Die Parteien streiten über die Abänderung einer notariellen Urkunde über nachehelichen Unterhalt.

Die Parteien heirateten im Januar 1967. Aus der Ehe ist eine 1967 geborene Tochter hervorgegangen. Ein 1984 geborener Sohn der Beklagten gilt ebenfalls als Kind des Klägers. Für den geistig behinderten Sohn ist eine rechtliche Betreuung eingerichtet. Die Ehe der Parteien wurde im Februar 1997 rechtskräftig geschieden.

Im Juni 1996 hatten die Parteien eine notarielle Trennungs- und Scheidungsfolgenvereinbarung abgeschlossen, in der sich der Kläger unter anderem zur Zahlung nachehelichen Unterhalts in Höhe von 3/7 seines Arbeitseinkommens und 1/2 seiner Betriebsrente, höchstens aber monatlich 5.000 DM verpflichtet hatte.
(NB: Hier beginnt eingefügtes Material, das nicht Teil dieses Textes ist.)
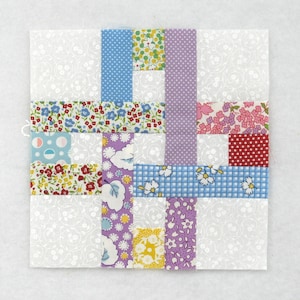 May include: A square quilt block with a white background and a patchwork design. The patchwork features strips of fabric in various colours and patterns, including blue polka dots, floral prints, and a purple dotted stripe. The block is approximately 25 cm square.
Zuletzt wurde der Unterhalt im Jahr 2005 einvernehmlich auf monatlich 1.500 € herabgesetzt.

Die 1944 geborene Beklagte ist gelernte Friseurin und war während der Ehe und auch nach der Scheidung nicht erwerbstätig. Sie bezieht seit Mai 2009 eine Altersrente und bewohnt das ihr im Zuge der Vermögensauseinandersetzung der Parteien übertragene Einfamilienhausgrundstück. Der 1942 geborene Kläger ist Diplom-Ingenieur und bezieht ebenfalls Altersrente. Darüber hinaus ist er selbstständig freiberuflich tätig. Er ist wieder verheiratet.

Der Kläger macht den Wegfall des Unterhalts ab November 2006 geltend. Er beruft sich darauf, dass die Beklagte ihm den Sohn wissentlich „untergeschoben“ und dadurch ihren Unterhaltsanspruch verwirkt habe. Die Beklagte habe durch ihr Verhalten sowohl in seine persönliche als auch seine finanzielle Lebensplanung eingegriffen und ihn insoweit nachhaltig geschädigt.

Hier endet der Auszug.